**TASK OBJECTIVE:** Find the line that contains "Crackle Transparent Glass"; please output it and each line after it, exactly as shown, up to the end of the entries below, skipping pictures.

++++++

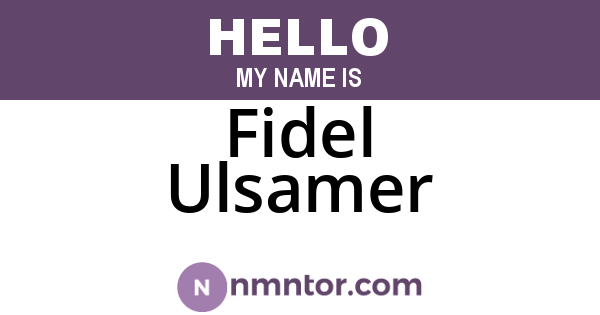 Fidel Ulsamer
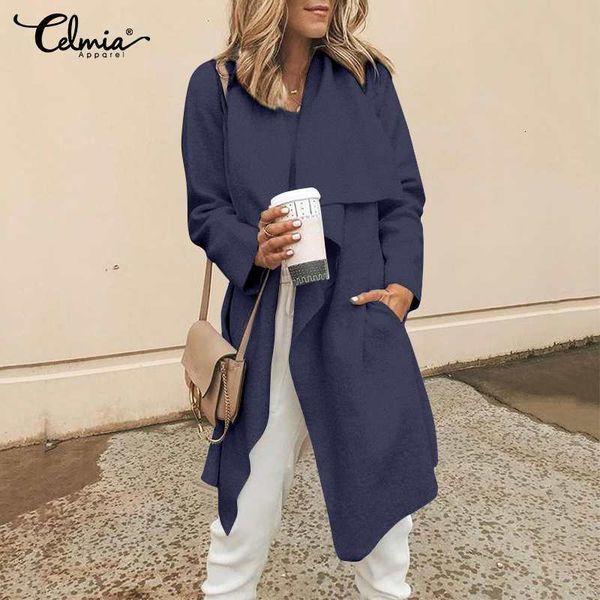 women's wool & blends wool celmia fashion cardigans trench autumn sleeve pleated long coats casual lapel pockets kimono outerwear bj5k, Black
women's wool & blends wool celmia fashion cardigans trench autumn sleeve pleated long coats casual lapel pockets kimono outerwear bj5k, Black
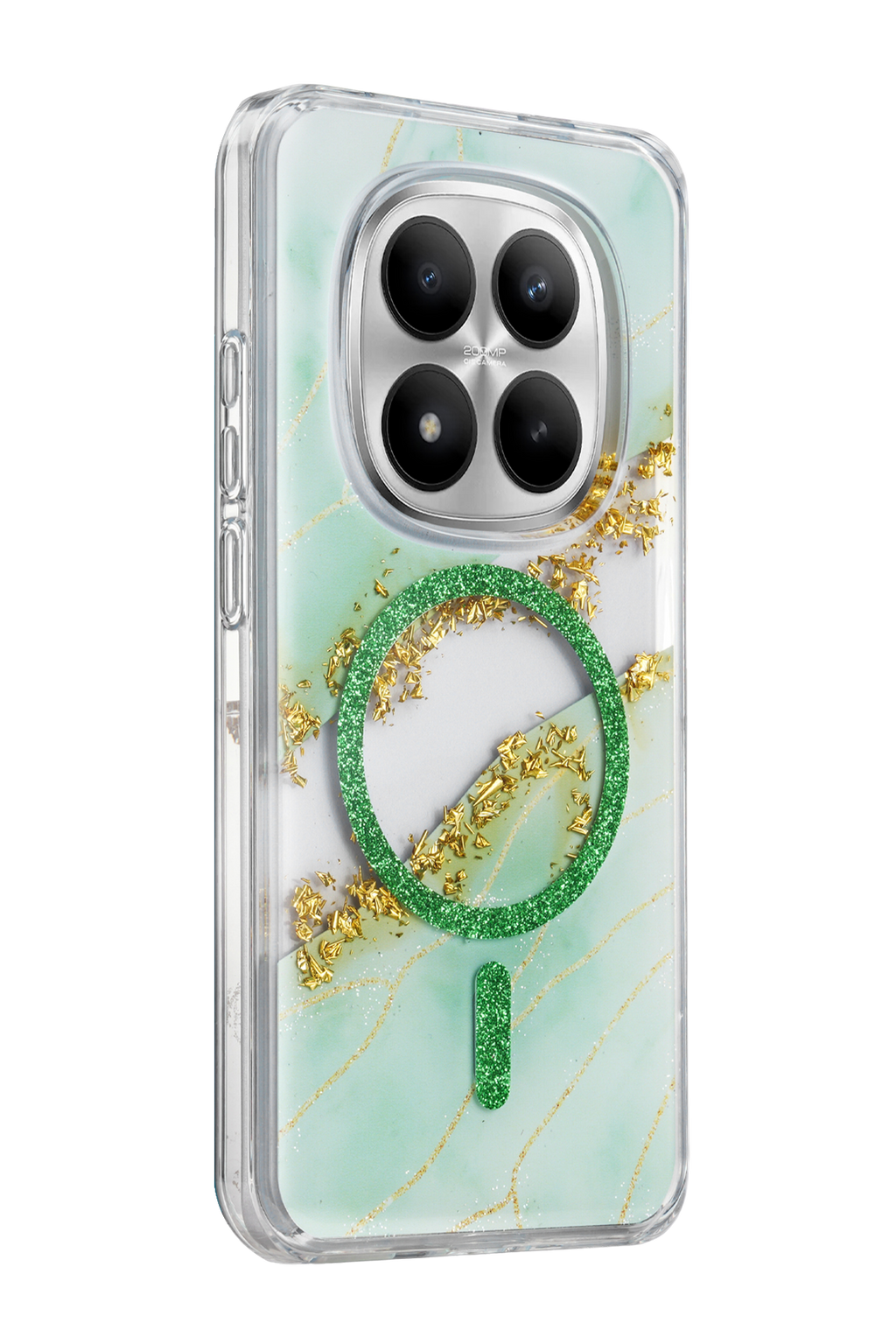 Onegif Xiaomi Redmi Note 15 4G Lotus Simli Magsafe Kapak - Yeşil 2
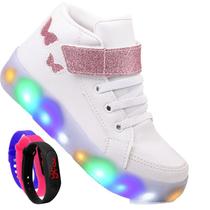 Tenis Feminino Botinha De Led Tira Colante Borboleta Glitter Luzinha + Relogio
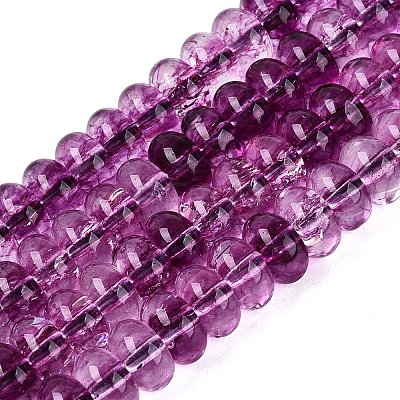 Crackle Transparent Glass Beads Strands GLAA-N074-02A-06-1
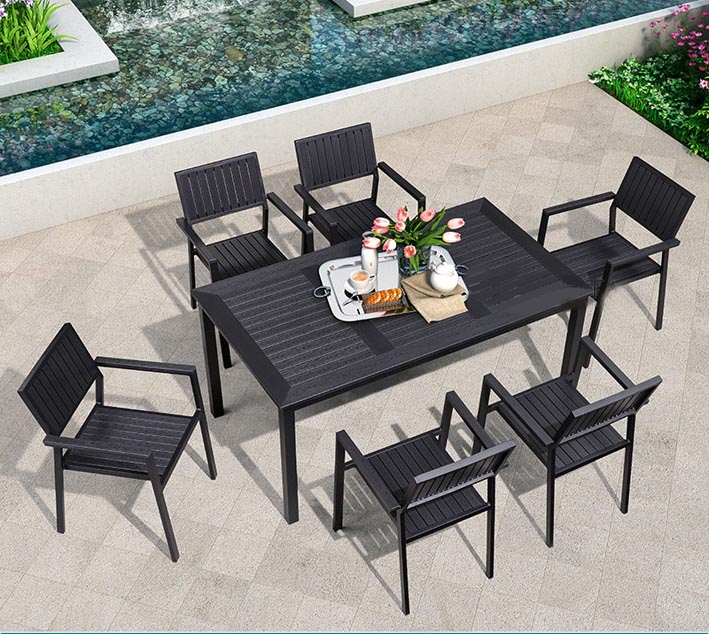 TE2034 160A bo ban an 6 ghe xep chong dung ngoai troi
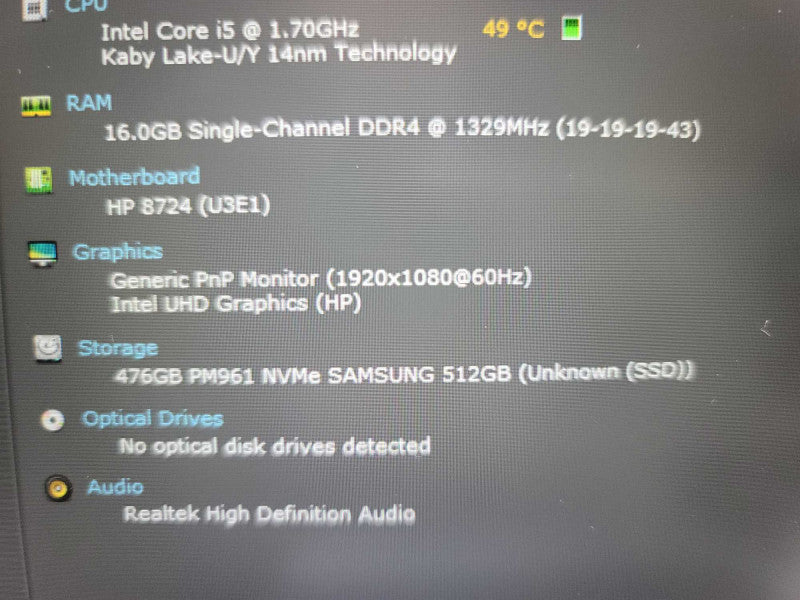 HP EliteBook 850 G7 i5-10310U @ 1.70GHz, 16GB DDR4, 512GB m.2 *READ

++++++

**SOLUTION TO THIS TASK:**
 Crackle Transparent Glass Beads Strands GLAA-N074-02A-06-1
 TE2034 160A bo ban an 6 ghe xep chong dung ngoai troi
 HP EliteBook 850 G7 i5-10310U @ 1.70GHz, 16GB DDR4, 512GB m.2 *READ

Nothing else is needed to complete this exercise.